Summary: BUY THE CLEAN VERSION. I usually never recommend this, but when you buy the clean version you don't get the parental advisory stamped on the front cover art, and even better, you don't have to listen to Annie Hardy's perverted commentary every freakin time you listen to the c.d... but for the most part I am very pleased with Saturday Night Wrist. Saturday Night Wrist can be described as an array of satisfying flavors from familiar and beyond to blend both new and old together as creative works of art crafted from one of the most original bands in all of rock, the Deftones. Thank you for reading :)!
on February 1, 2007
Although I'm still a fairly new fan of the Deftones, having only purchased their fantastic album "White Pony" a couple of months before this album's release, I still greatly anticipated it. And, whether you're new to the band, or a die hard fan that anxiously waited three years for this, "Saturday Night Wrist" is definitely more than worth the purchase.

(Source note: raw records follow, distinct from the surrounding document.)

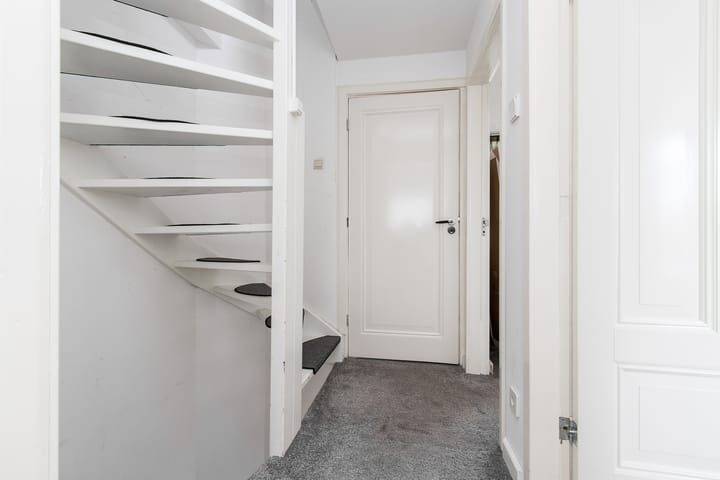 Foto 26 van Dommelstraat 2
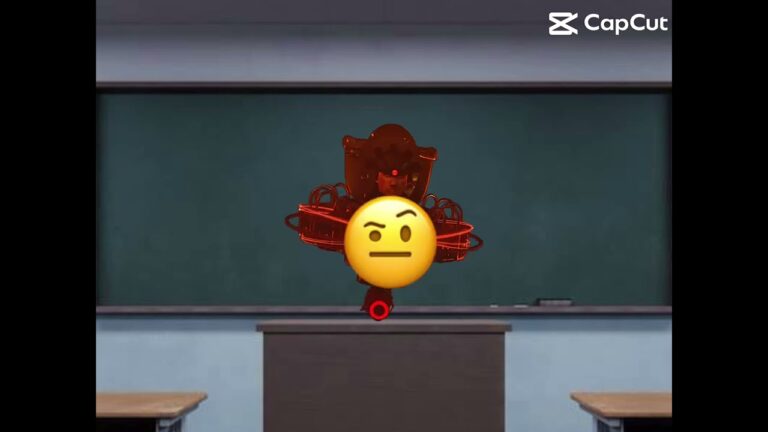 Astro school lockdowns:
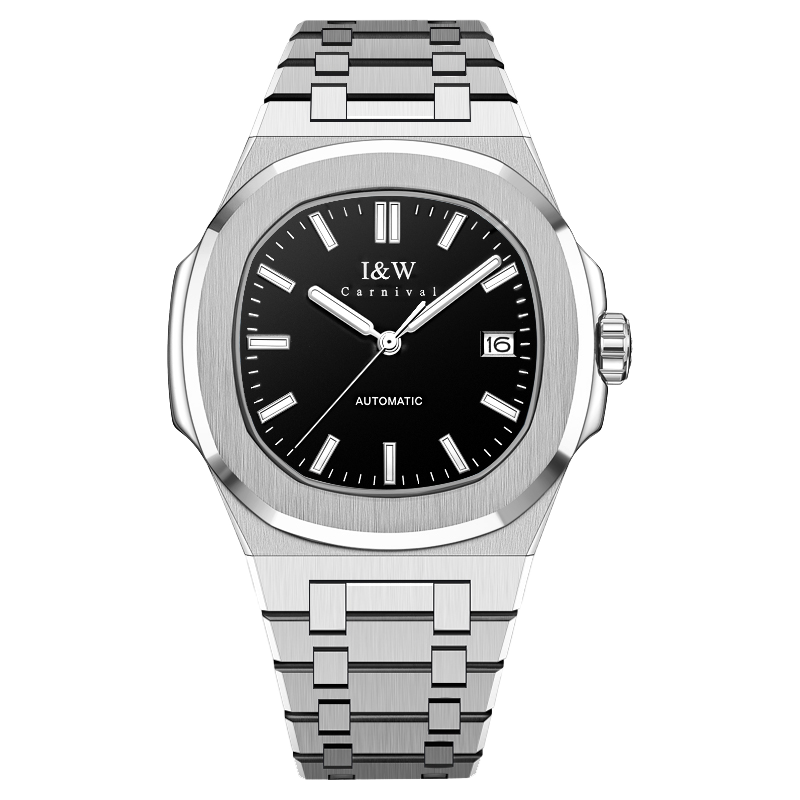 ���ڲ��������ֳ���ʿ�ֱ��л�е�����ڻ�оȫ�Զ���е�б�ҹ���ˮ������ʿ�ֱ� ���ڸִ�/���ڻ�о+ԭװ���� 1243Ԫ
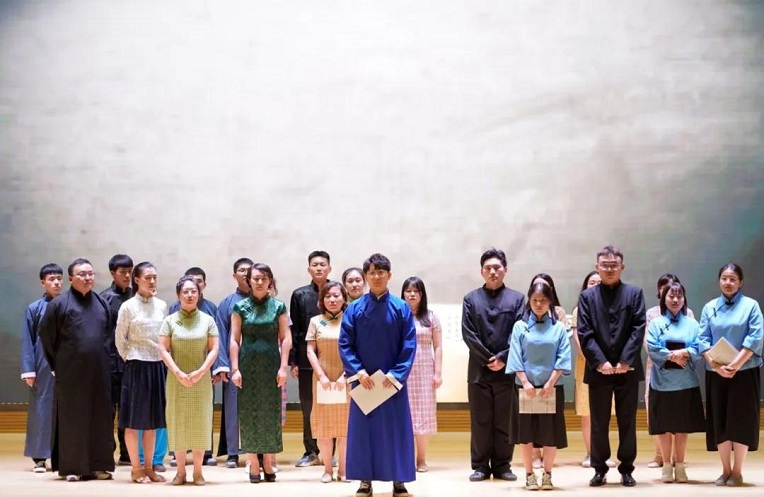 新宝2登录线路检测中心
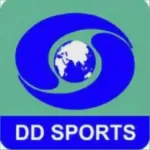DD Sports Live TV Apk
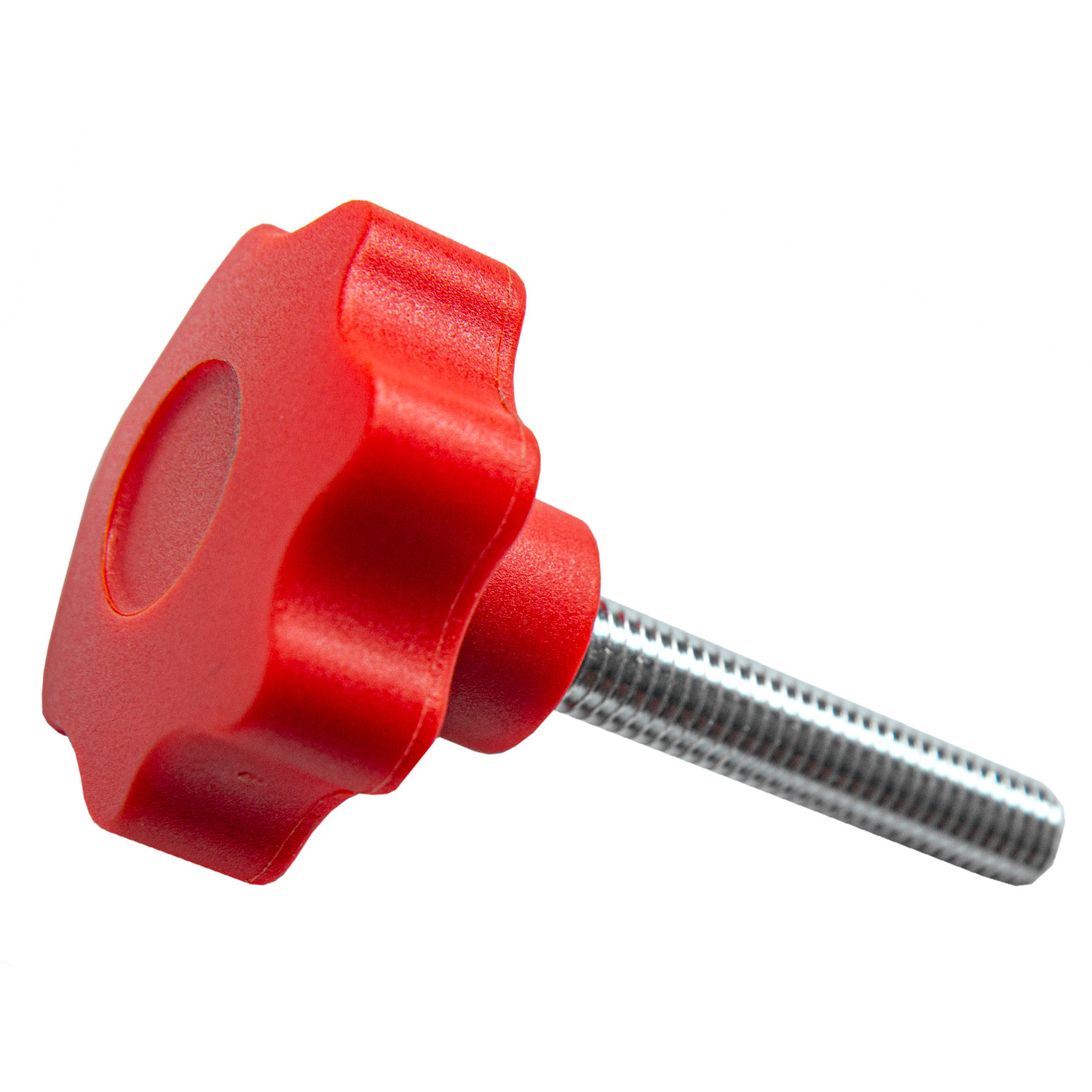 2MANOP50 | Parafuso de borboleta para SMT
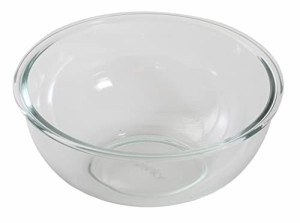 ＊最安挑戦＊PYREX ボウル2.5？ CP-8559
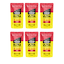 Poudre Hydratation Electrolytes Ultra Energy™ Pastèque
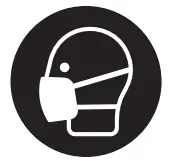 Protection Icon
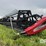 2011-case-ih-2162-image-3
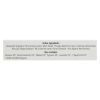 Forces of Nature - Organic Hemorrhoid Control - Extra Strength - 11 ml - 1025238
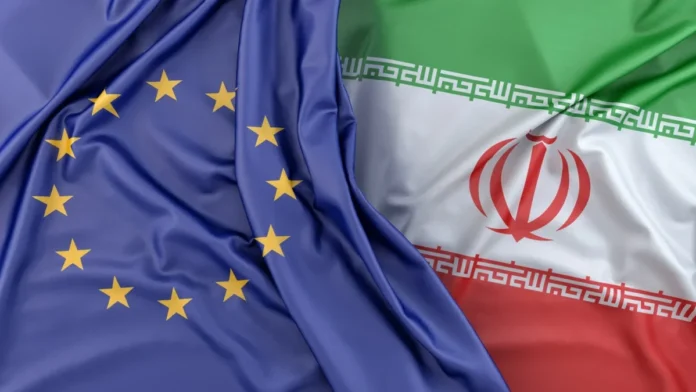 ruffled-flags-european-union-iran-3d-rendering-2048x1152-1-1200x675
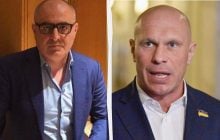 Ликвидация предателя Кивы: в РФ нашли, кто "сливал" информацию СБУ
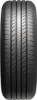 Hankook Sommerreifen motorcycle-tyres iON ST AS (IH61A) ( Produktbild-Vorschau 3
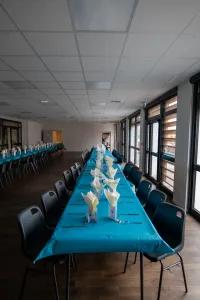 Photo de 2025 03 Week end chantant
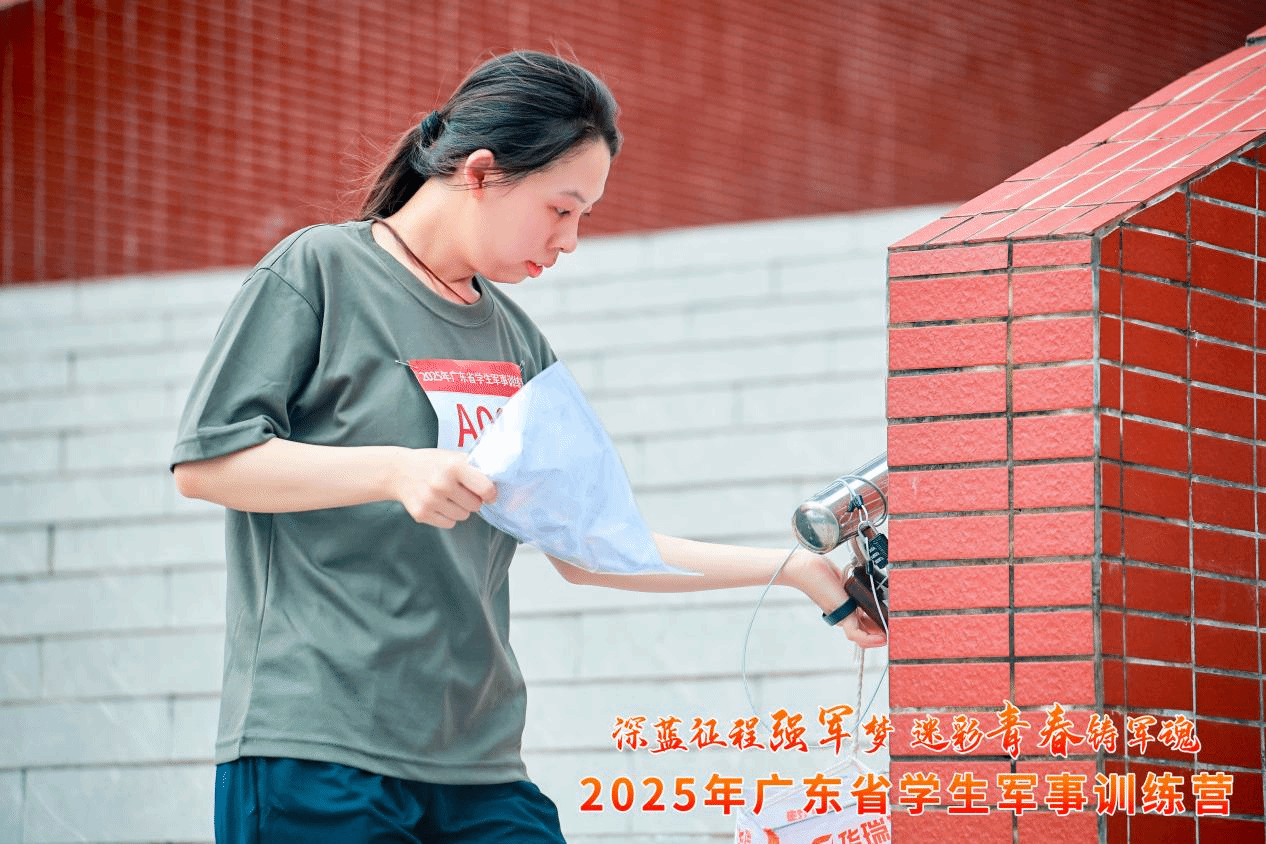 virtual_attach_file.vsb?afc=aMlLPYM87anl-8LYmN8o7-4LlUbU4L4sL7CsUlW2nmW7LNU0gihFp2hmCIa0LYhfL1hRUYysU4n7nNLbLm62M7U8M4GbLmLaMR9aUmv8ozAFMzffU8-iL4nFM4MkUmvJv2bjo4OeosXEgDTJQty0LzL8LSyYMR7PMm7Jqd8nx&oid=2103874463&tid=1341&nid=241161&e= Ê×Ò³|Ò¼ºÅÓéÀÖ - ÏàÐÅÆ·ÅƵÄʵÁ¦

I must admit, this album took a few spins to really sink in for me (as opposed to "White Pony", which I loved from the first listen), but it was worth the effort, because this is great stuff. While not quite as eclectic as "White Pony", there's still plenty of diversity here. You've got psychotic heavy tracks like "Rapture" and "Rats! Rats! Rats!" (best title ever), dreamy epic tracks like "Beware" and "Cherry Waves", and melodic hard rock like "Mein" (featuring Serj Terkian from System of a Down), "Kimdracula", and "Hole in the Earth". "Pink Cellphone" is mostly straight-up electronic, bringing a bit more of the Team Sleep influence to the table. This song also features spoken-word vocals from Annie Hardy, from the band Giant Drag, and if you're familiar with this band, you probably know what a naughty little girl she is, and thus her contributions here won't surprise you.
More eclecticism comes with the slightly jazzy "Xerces", and an ambient instrumental track, whose name is a big long video game code that I can't remember offhand. Nice peaceful track, though. The album ends nicely with "Riviere", which starts off soft and elegant, and subtly builds up toward the end.
Overall, this is a really solid and well-accomplished release. While I think I still prefer "White Pony" on the whole, I still think this album is a definite progression in sound, especially Chino's vocals, which are more polished and dynamic than ever. Musically they're staying fresh and trying new things, while retaining their signature style. Yep, these guys are clearly far from out of ideas. If you're even remotely interested in the Deftones, definitely pick this up. Hell, even if you don't like them, give it a try anyway, because you never know...
on February 9, 2007
I consider myself a fairly well-rounded musician: I'm equally happy studying an Antonio Carlos Jobim chart as a Stravinsky ballet or a Dillinger Escape Plan song. And over the last 10 years, Deftones have somehow kept me hooked. I was drawn in by the raw emotion of "Adrenaline," then the too-slick-for-its-own-good sound of "Around the Fur." Then "White Pony" caught me blindsided with an album filled to the brim with mysterious, beautiful and catchy songs. But then there was the self-titled album, which just felt sort of aimless, and never really gripped me. To be honest, I thought I was too old to rock, and didn't even know if I would purchase "Saturday Night Wrist."
But what a great purchase it was! This album shows a Deftones that has matured both as people and as musicians. The thing that made them so unique--dark, heavy riffs and intricate, stylish drumming underneath hauntingly beautiful melodies--is really brought to light on the album. Clear examples of this unique style are: "Hole in the Earth," "Beware," "Cherry Waves," "Xerces," and "Riviere."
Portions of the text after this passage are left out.